Doit-on laisser des parents endeuillés retrouver leurs enfants disparus grâce à la VR ?
Il y a un an, le groupe audiovisuel public sud-coréen, Munhwa Broadcasting Corporation, diffusait sur son antenne le documentaire événement “I Met You”. Celui-ci dévoilait les retrouvailles forcément émouvantes entre Nayeon, décédée à l’âge de 7 ans en 2016, avec sa mère Jang Ji-sung, grâce à la réalité virtuelle. Dans ce documentaire— que vous pouvez choisir ou non de découvrir à la fin de l’article dans un extrait long de neuf minutes — on entend Jang Ji-sung pleurer dès la première apparition de sa fille disparue. En retrait, le reste de la famille — composée du père de Nayeon mais aussi de son frère et de sa soeur — observe la scène avec une certaine retenue.

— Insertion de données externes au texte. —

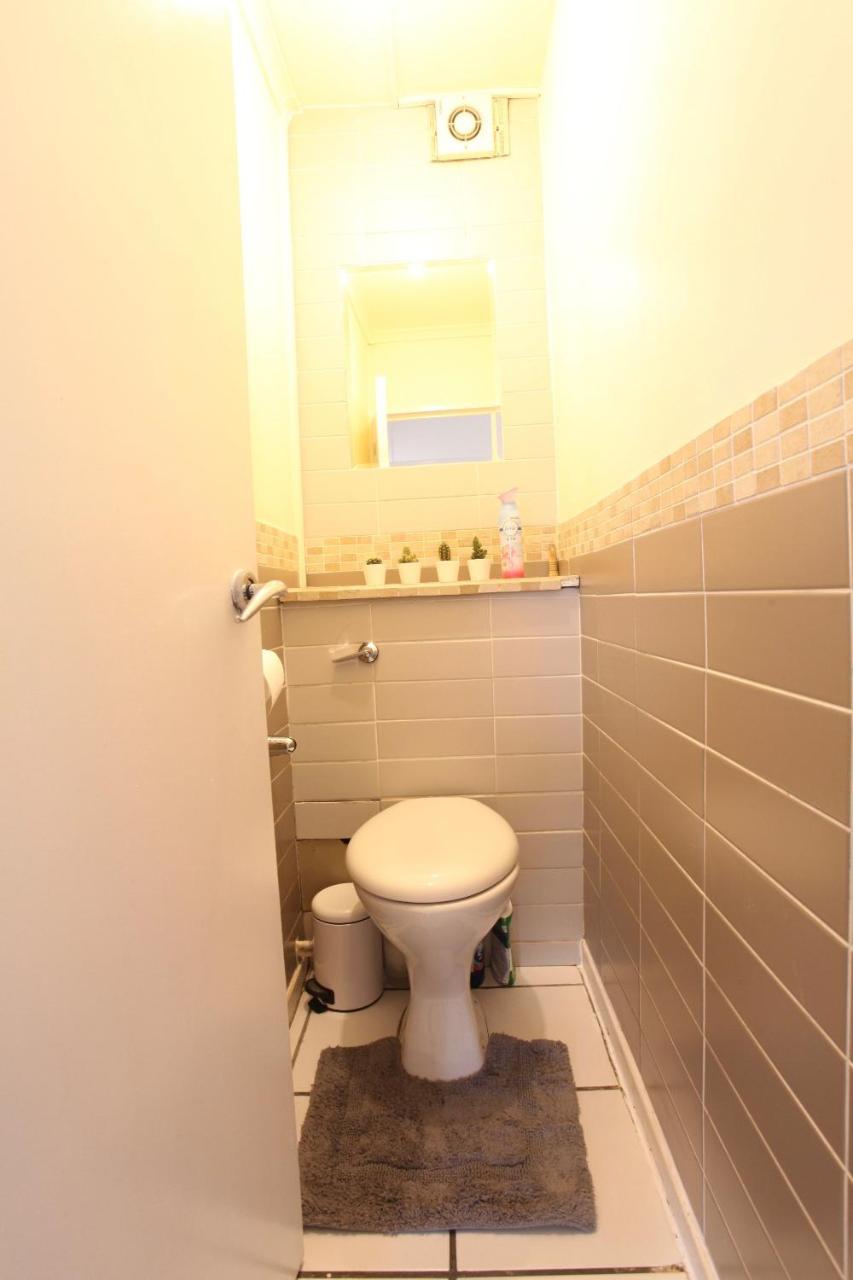 Chelsea Off Kings Road One Bedroom With Balcony Appartement *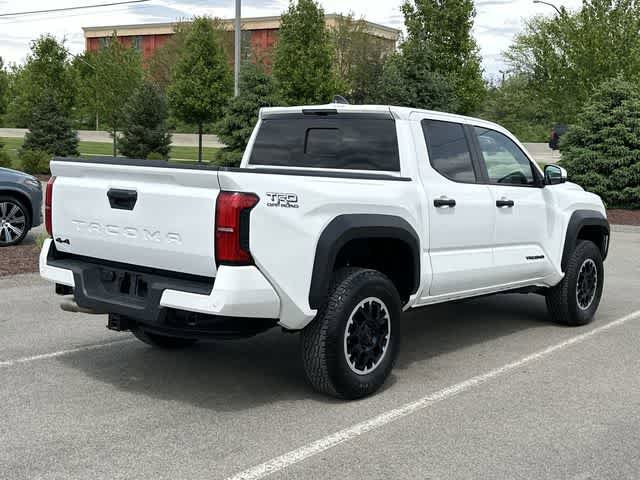 Used 2024 Toyota Tacoma TRD Off-Road w/ TRD Off Road Upgrade Package AWD/4WD image 29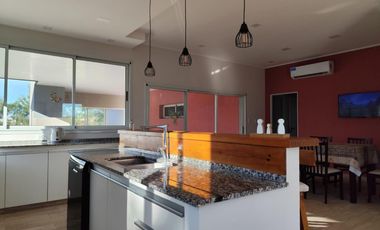 Casa en  venta en barrio privado Costa Verde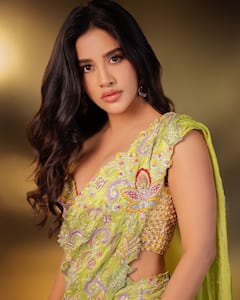 Nabha Natesh : నభా నటేష్ బ్లౌజ్ డిజైన్ చూశారా? హాఫ్ శారీలో ఇస్మార్ట్​గా ఉన్న బ్యూటీ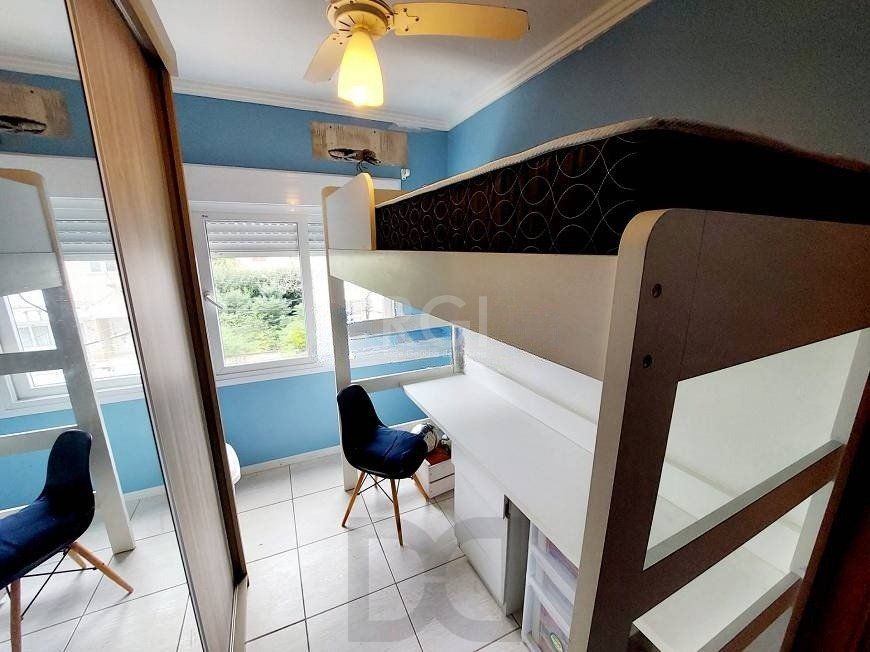 Casa com 03 dormitórios, 01 suíte, pátio com churrasqueira e 03 vagas de garagem no bairro Tristeza — foto 9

A l’aide de son casque de réalité virtuelle, Jang Ji-sung évolue avec sa fille dans un monde virtuelle constitué d’abord d’un parc qu’elles avaient visité ensemble puis on aperçoit également Jang et Nayeon jouer ensemble dans la chambre de cette dernière, ou bien encore réunies autour d’une table pour fêter un anniversaire.
Il aura fallu huit mois aux équipes techniques pour recréer les différents éléments scénographiques de ces retrouvailles, mais aussi pour capturer et enregistrer, grâce à une technologie dédiée, les mouvements d’un enfant acteur qu’ils ont ensuite utilisés comme modèle pour recréer la Nayeon virtuelle.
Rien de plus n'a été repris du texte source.